* [Aim of the exercise]: Write out every record exactly as it appears. Skip the pictures.

* [Information shown]:
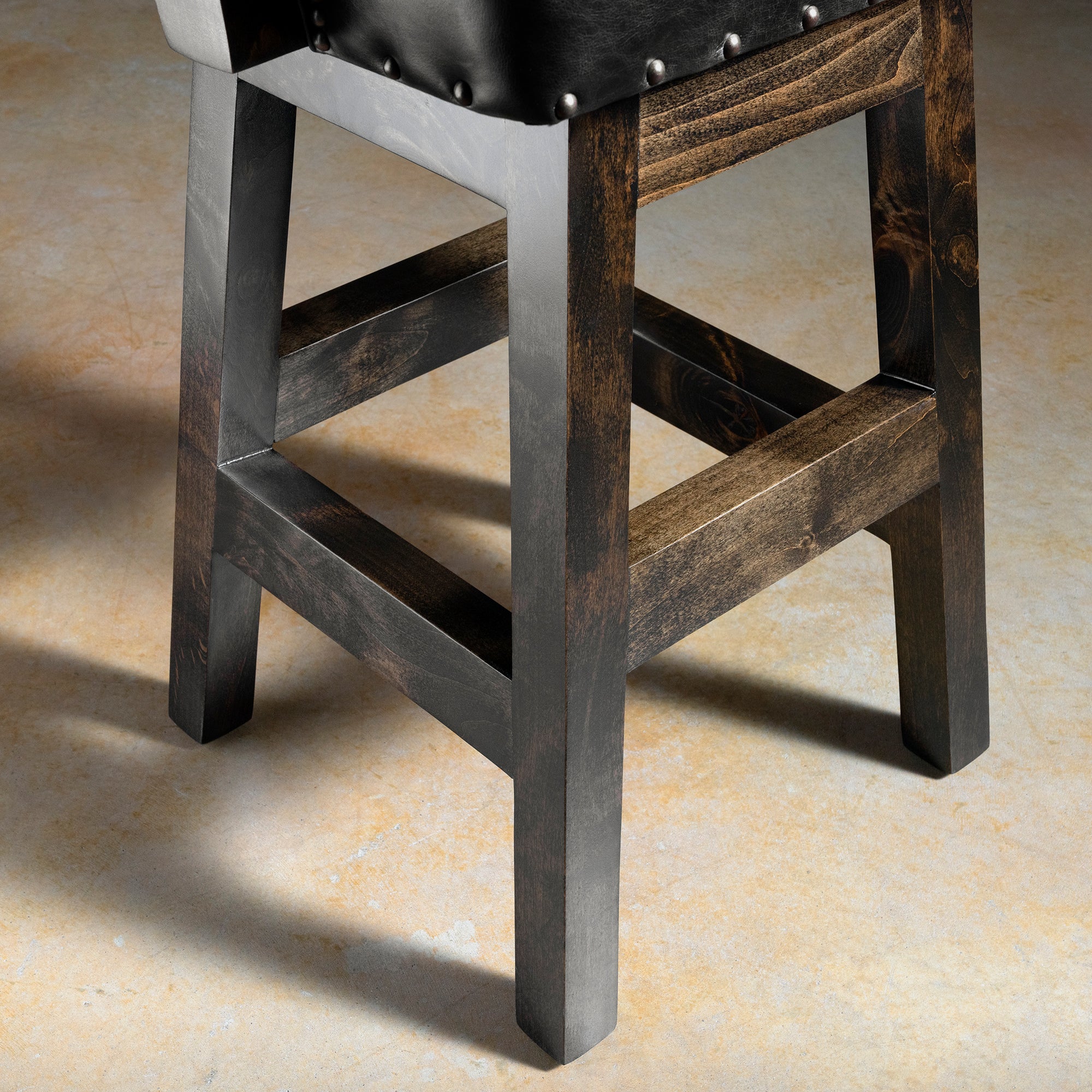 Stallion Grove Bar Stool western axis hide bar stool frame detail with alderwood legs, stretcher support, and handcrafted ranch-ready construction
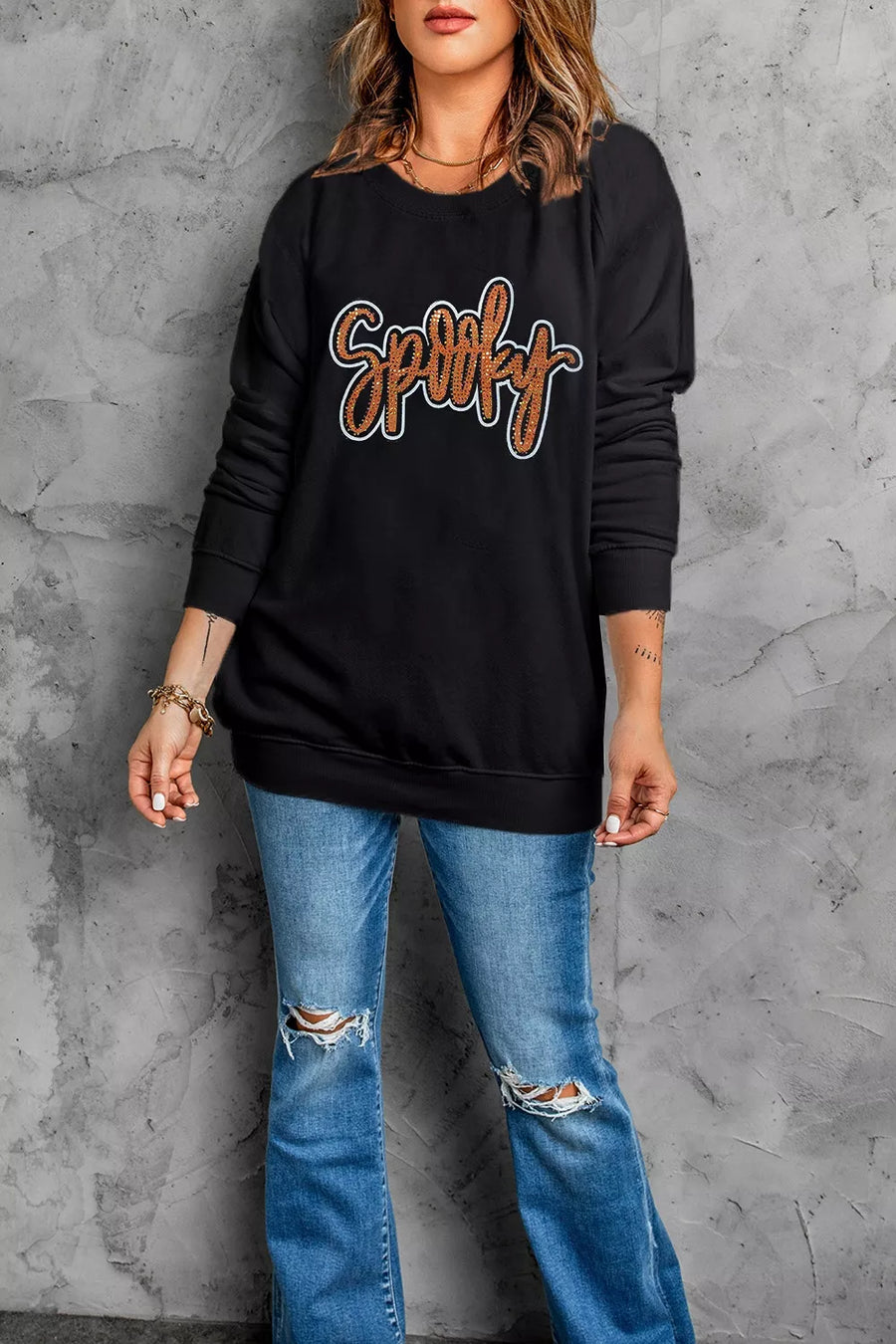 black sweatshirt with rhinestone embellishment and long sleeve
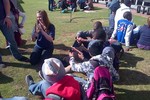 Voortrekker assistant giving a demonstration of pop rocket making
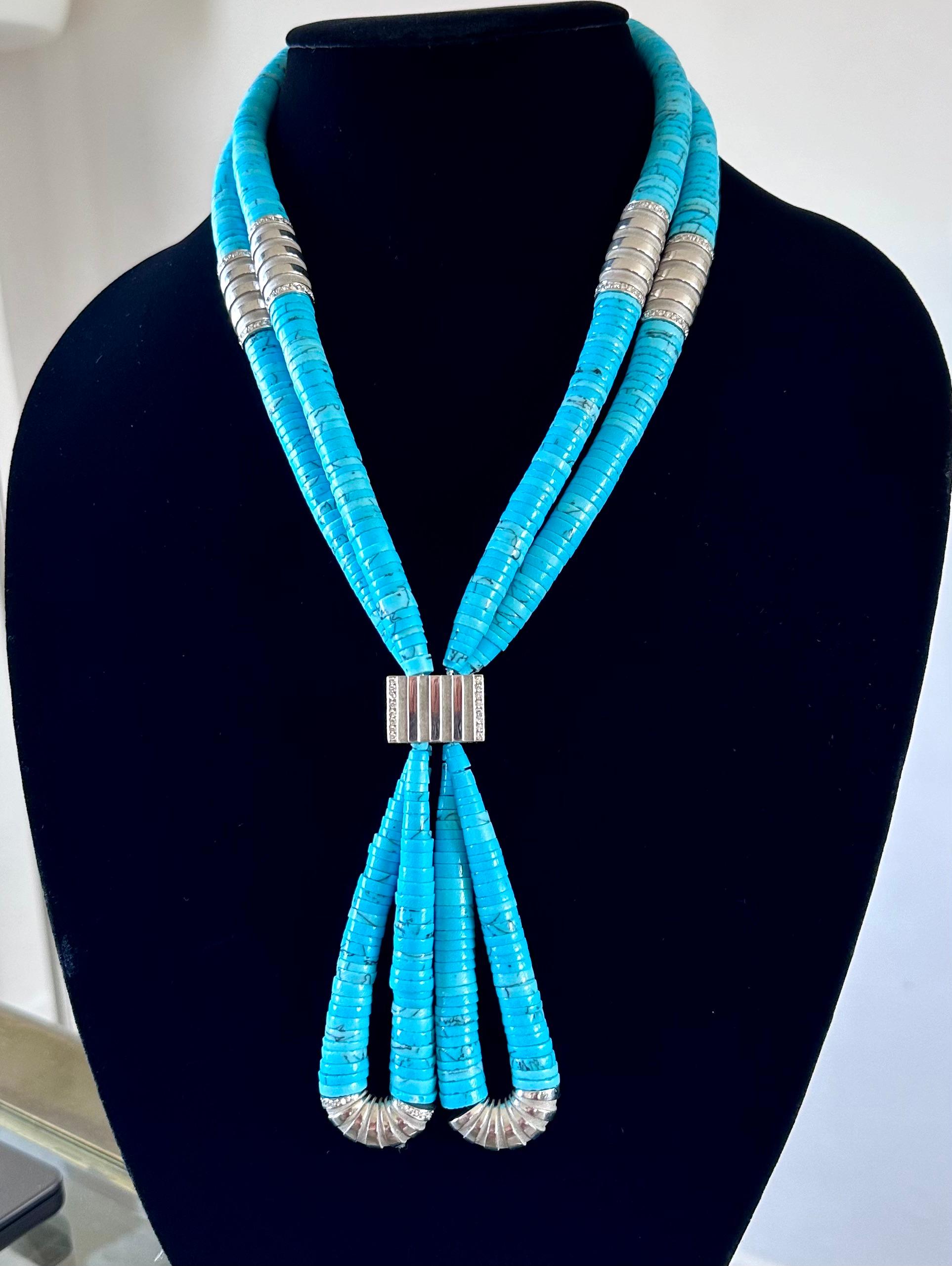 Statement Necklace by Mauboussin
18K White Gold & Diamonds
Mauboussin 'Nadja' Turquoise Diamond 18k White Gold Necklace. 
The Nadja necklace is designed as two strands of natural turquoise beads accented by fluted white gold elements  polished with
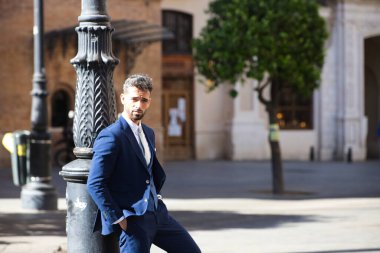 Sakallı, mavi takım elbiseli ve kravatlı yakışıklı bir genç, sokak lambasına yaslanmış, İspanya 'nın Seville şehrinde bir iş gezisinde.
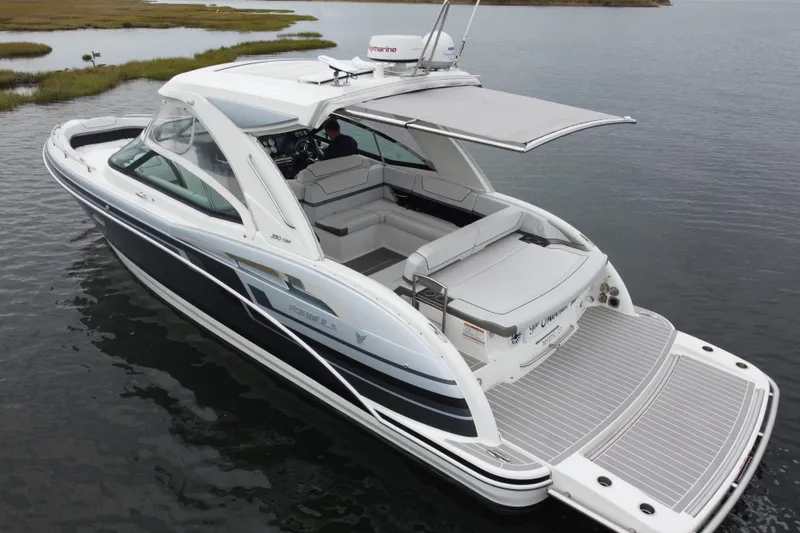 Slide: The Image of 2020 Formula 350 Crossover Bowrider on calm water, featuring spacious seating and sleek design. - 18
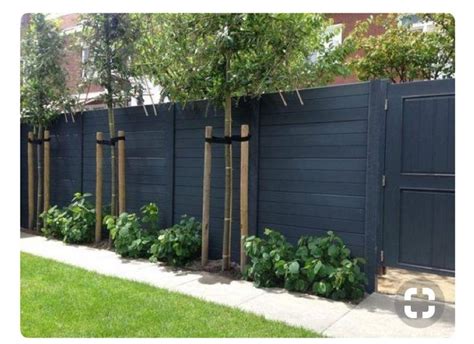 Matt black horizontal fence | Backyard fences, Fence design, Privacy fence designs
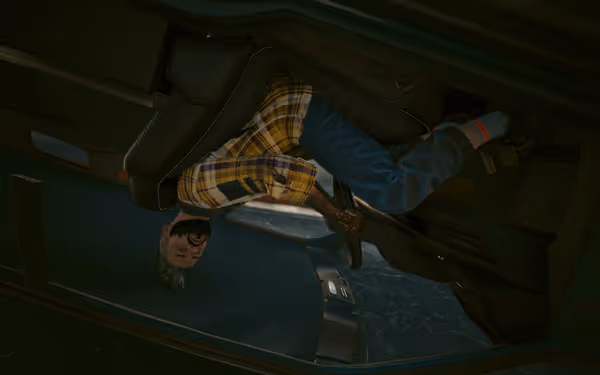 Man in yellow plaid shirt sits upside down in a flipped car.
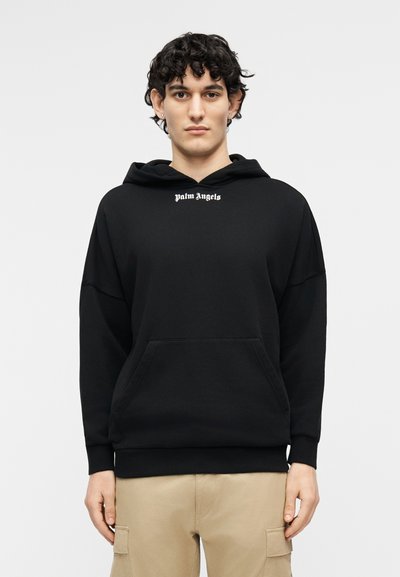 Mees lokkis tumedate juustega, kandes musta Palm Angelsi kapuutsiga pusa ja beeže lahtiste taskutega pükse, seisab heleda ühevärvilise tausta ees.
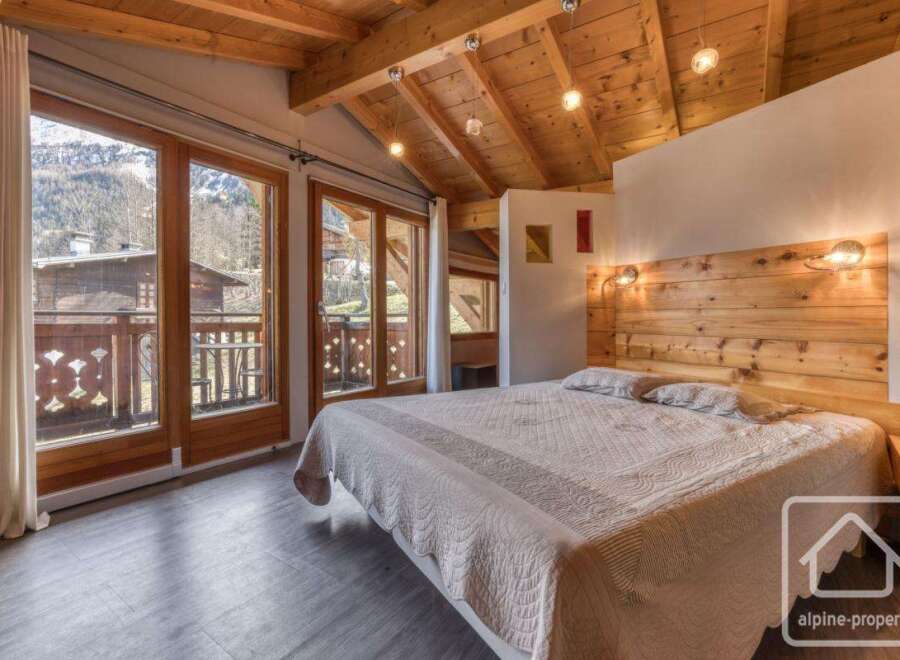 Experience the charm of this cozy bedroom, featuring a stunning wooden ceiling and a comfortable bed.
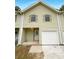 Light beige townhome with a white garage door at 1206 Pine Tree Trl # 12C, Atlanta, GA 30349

* [Problem solution]:
 Stallion Grove Bar Stool western axis hide bar stool frame detail with alderwood legs, stretcher support, and handcrafted ranch-ready construction
 black sweatshirt with rhinestone embellishment and long sleeve
 Voortrekker assistant giving a demonstration of pop rocket making
 Statement Necklace by Mauboussin
18K White Gold & Diamonds
Mauboussin 'Nadja' Turquoise Diamond 18k White Gold Necklace. 
The Nadja necklace is designed as two strands of natural turquoise beads accented by fluted white gold elements  polished with
 Sakallı, mavi takım elbiseli ve kravatlı yakışıklı bir genç, sokak lambasına yaslanmış, İspanya 'nın Seville şehrinde bir iş gezisinde.
 Slide: The Image of 2020 Formula 350 Crossover Bowrider on calm water, featuring spacious seating and sleek design. - 18
 Matt black horizontal fence | Backyard fences, Fence design, Privacy fence designs
 Man in yellow plaid shirt sits upside down in a flipped car.
 Mees lokkis tumedate juustega, kandes musta Palm Angelsi kapuutsiga pusa ja beeže lahtiste taskutega pükse, seisab heleda ühevärvilise tausta ees.
 Experience the charm of this cozy bedroom, featuring a stunning wooden ceiling and a comfortable bed.
 Light beige townhome with a white garage door at 1206 Pine Tree Trl # 12C, Atlanta, GA 30349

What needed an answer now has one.